### Exercise brief
Among the records below, find the lines that hold the word "House" and report how many there are, with no other words.

Information START

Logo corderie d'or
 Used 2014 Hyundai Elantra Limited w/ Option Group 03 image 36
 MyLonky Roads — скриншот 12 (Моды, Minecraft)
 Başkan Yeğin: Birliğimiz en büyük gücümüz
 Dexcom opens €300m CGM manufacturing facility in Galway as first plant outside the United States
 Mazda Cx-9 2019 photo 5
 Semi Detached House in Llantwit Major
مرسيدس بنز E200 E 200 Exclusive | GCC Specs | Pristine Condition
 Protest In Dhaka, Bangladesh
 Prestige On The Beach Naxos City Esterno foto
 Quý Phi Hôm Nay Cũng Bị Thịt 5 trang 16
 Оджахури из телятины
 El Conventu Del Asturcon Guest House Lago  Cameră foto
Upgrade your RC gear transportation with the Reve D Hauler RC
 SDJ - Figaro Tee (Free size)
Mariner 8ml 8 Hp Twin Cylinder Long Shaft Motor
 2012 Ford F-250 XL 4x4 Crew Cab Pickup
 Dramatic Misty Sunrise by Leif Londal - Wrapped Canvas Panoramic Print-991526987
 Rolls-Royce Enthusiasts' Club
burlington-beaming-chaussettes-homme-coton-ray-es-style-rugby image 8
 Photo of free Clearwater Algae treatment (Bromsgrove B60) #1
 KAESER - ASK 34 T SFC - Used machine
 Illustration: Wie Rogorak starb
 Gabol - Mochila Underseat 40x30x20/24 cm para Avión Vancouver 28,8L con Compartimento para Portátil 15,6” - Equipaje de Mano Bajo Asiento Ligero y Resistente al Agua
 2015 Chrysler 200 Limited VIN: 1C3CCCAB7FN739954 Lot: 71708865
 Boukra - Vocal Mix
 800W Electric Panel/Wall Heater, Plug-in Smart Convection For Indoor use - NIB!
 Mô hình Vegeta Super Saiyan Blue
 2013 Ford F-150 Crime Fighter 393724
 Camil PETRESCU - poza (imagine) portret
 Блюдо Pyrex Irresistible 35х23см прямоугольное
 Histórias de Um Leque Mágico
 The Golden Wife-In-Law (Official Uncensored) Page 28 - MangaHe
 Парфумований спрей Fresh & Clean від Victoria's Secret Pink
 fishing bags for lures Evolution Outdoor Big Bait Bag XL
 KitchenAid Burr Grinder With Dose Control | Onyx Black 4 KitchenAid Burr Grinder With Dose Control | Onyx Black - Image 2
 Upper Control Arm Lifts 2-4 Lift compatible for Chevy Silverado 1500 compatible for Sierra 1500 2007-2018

Information END

### Problem solution
2